The two conclusions that are challenged in this appeal are that (1) the Complaint failed to make out a case of violation of a cognizable property interest, and (2) even if it did, there was no Constitutional deprivation (and therefore no action under § 1983) because the State, through its Merit System law, provided adequate post-deprivation procedures. We need not consider the second of these conclusions because we believe that the court was correct on the first.
When the ambiguity in the allegations laid out in the Complaint is peeled away, as above, the focus becomes more narrow and more clear. What is it that the plaintiffs are entitled to and how has that been denied them? They say that they are entitled to a fair implementation of the law governing promotions and that, by using techniques permitted under the Merit System law in an unfair or arbitrary manner, the law was not fairly implemented as to them. They point to Md.Ann.Code, art. 64A, § 18(e), which they say “stipulates that vacancies shall be filled by promotion” and to §§ 16, 17, and 22, which set forth “a procedure intended to insure the systematic filling of positions based on merit.”
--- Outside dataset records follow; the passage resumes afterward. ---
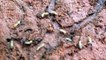 Ants vs Termites - Ants hunting a lot of termites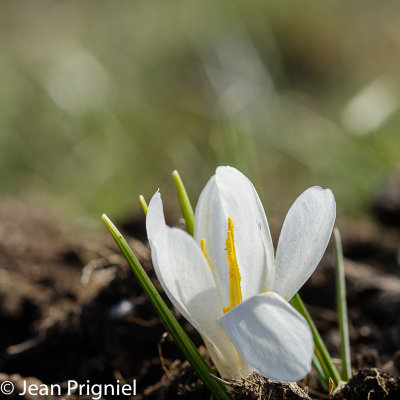 Crocus blanc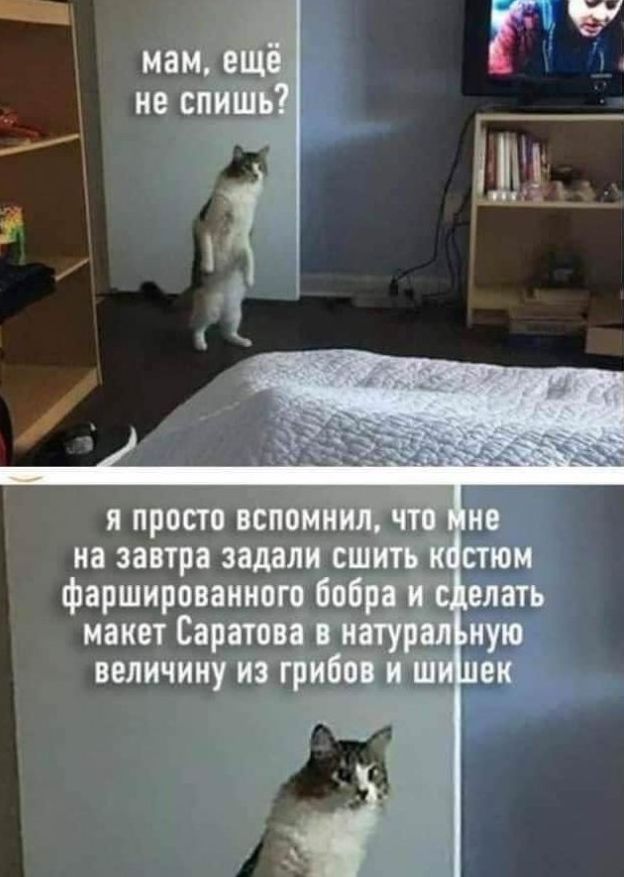 я просто всп М на завтра задалтсш фаршированнцгп бб макетСарті величину и Ш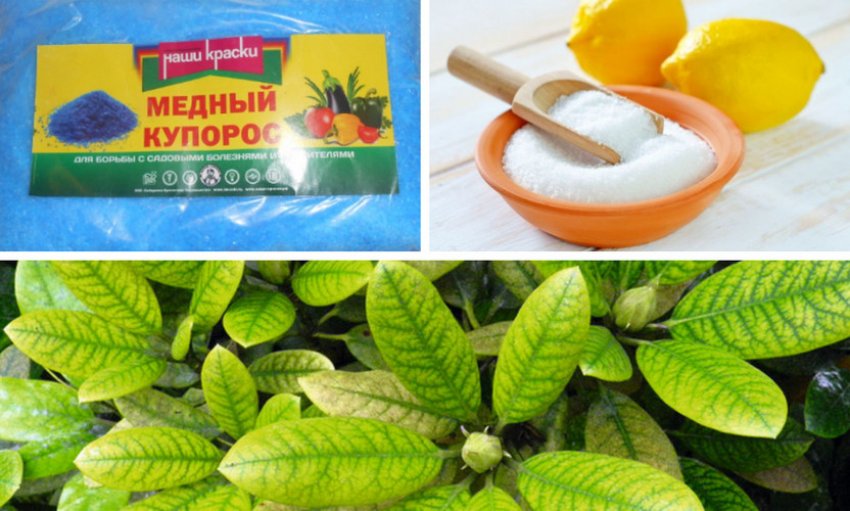 Боротьба з хлорозом рододендрону Боротьба з хлорозом рододендрону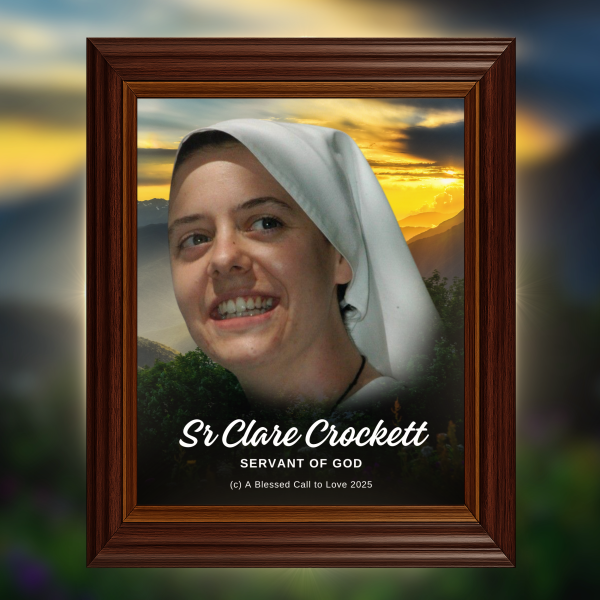 Sr Clare Crockett - Frame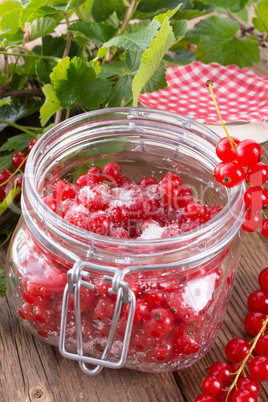 sugared red currant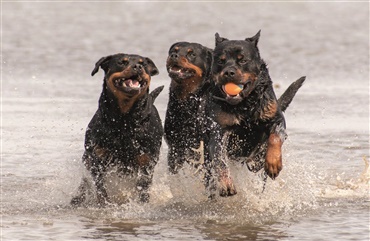 Fra HUNDEN: Raceportr&aelig;t af den loyale rottweiler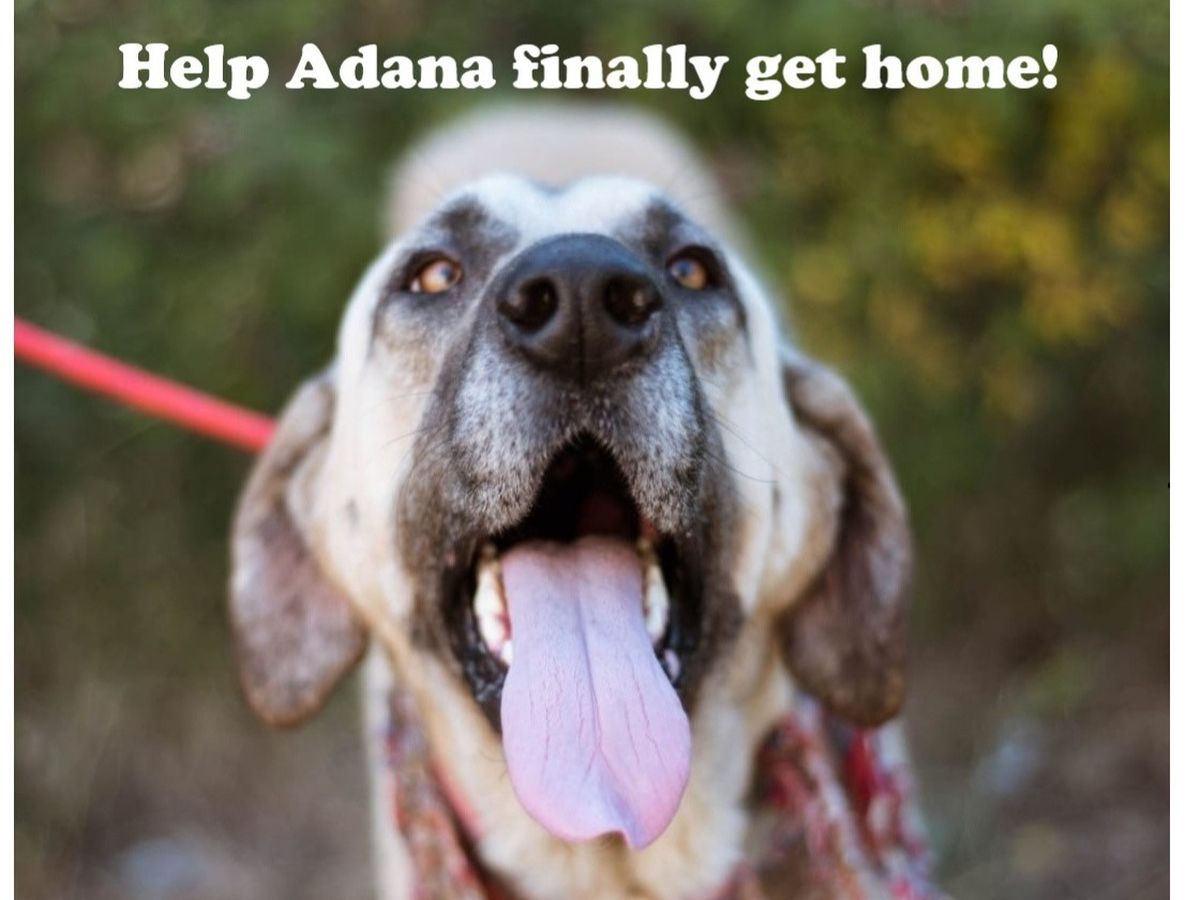 Fundraiser By Ohrid Strays Help Adana Finally Get Her Own Bed In A Home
Much of this statutory discretion has been implemented and refined by regulations adopted by the Secretary. Some of these regulations deal with the classification, reclassification, and declassification of positions (COMAR 06.01.01.10-14), the appointment of persons to acting positions (COMAR 06.01.01.14), allowing persons who do not possess necessary qualifications at the time of an examination but who will
In short, apart from the bald allegation, for which no supporting facts are given, that test scores were altered, the devices and techniques complained of are part and parcel of the Merit System and part of the fabric of how it is intended to be applied. In certain instances, it is not impermissible to appoint and promote preferred or preselected people, depending on how and why they were preferred or pre-selected. Any property interest that the plaintiffs may have in the application of the Merit System, therefore, is in the application of the whole system authorized by law and not just in isolated parts of it.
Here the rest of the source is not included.